It’s not particularly efficient, but you can work the problem using very elementary analytic geometry and no trig identities.
Let $P=\left\langle\frac35,\frac45\right\rangle$, $Q=\langle -1,0\rangle$, $R=\langle 1,0\rangle$, and $O=\langle 0,0\rangle$. Clearly angle $POR$ is $\cos^{-1}\frac35$, so angle $POQ$ is $\pi-\cos^{-1}\frac35$. Let $S=\langle x_0,y_0\rangle$ be the point on the unit circle in the upper half plane such that $OS$ bisects angle $POQ$. Then $y_0$ is the perpendicular distance from $S$ to $OQ$, which must be equal to the perpendicular distance from $S$ to $OP$. The latter is the distance from $S$ to the line $y=\frac43x$.
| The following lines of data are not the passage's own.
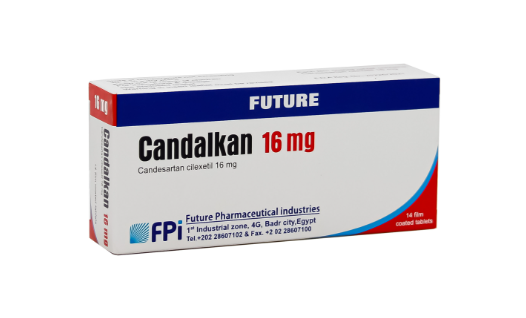 Candalkan 16 Mg 14 Tab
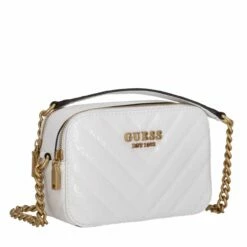 Guess Umhängetasche Jania Crossbody Camera Bag White -Aufbewahrungstasche Geschäft 0 14654eb6cee1a52 1280x1280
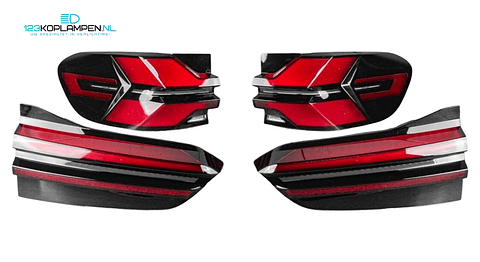 BMW X5 G05 F95 Facelift LCI Led achterlichten set achterlicht links rechts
The perpendicular from $S$ to that line has slope $-\frac34$, so its equation is $y-y_0=-\frac34(x-x_0)$, and it intersects the line $y=\frac43x$ at the point $\langle x_1,y_1\rangle$ where $y_0-\frac34(x_1-x_0)=\frac43x_1$, i.e., where $x_1=\frac{12}{25}\left(y_0+\frac34x_0\right)$ and $y_1=\frac43x_1=\frac{16}{25}\left(y_0+\frac34x_0\right)$. The distance from $\langle x_1,y_1\rangle$ to $S$ is
$$\begin{align*}&\sqrt{\left(\frac{12}{25}\left(y_0+\frac34x_0\right)-x_0\right)^2+\left(\frac{16}{25}\left(y_0+\frac34x_0\right)-y_0\right)^2}\\
&\qquad\qquad=\sqrt{\left(\frac{12}{25}y_0-\frac{16}{25}x_0\right)^2+\left(\frac{12}{25}x_0-\frac9{25}y_0\right)^2}\\
&\qquad\qquad=\frac1{25}\sqrt{(12y_0-16x_0)^2+(12x_0-9y_0)^2}\\
&\qquad\qquad=\frac1{25}\sqrt{225y_0^2-600x_0y_0+400x_0^2}\\
&\qquad\qquad=\frac15\sqrt{9y_0^2-24x_0y_0+16x_0^2}\\
&\qquad\qquad=\frac15\sqrt{(3y_0-4x_0)^2}\\
&\qquad\qquad=\frac15|3y_0-4x_0|\\
&\qquad\qquad=\frac15(3y_0-4x_0)\;,
\end{align*}$$
since clearly $y_0>0$ and $x_0<0$.
This must be equal to $y_0$, so we have $\frac15(3y_0-4x_0)=y_0$, and hence $y_0=-2x_0$. Thus, the slope of the line $OS$ is $-2$, and it follows that the tangent of angle $SOQ$ is $2$ and hence that $2\tan^{-1}2$ equals angle $POQ$, which we already saw is $\pi-\cos^{-1}\frac35$.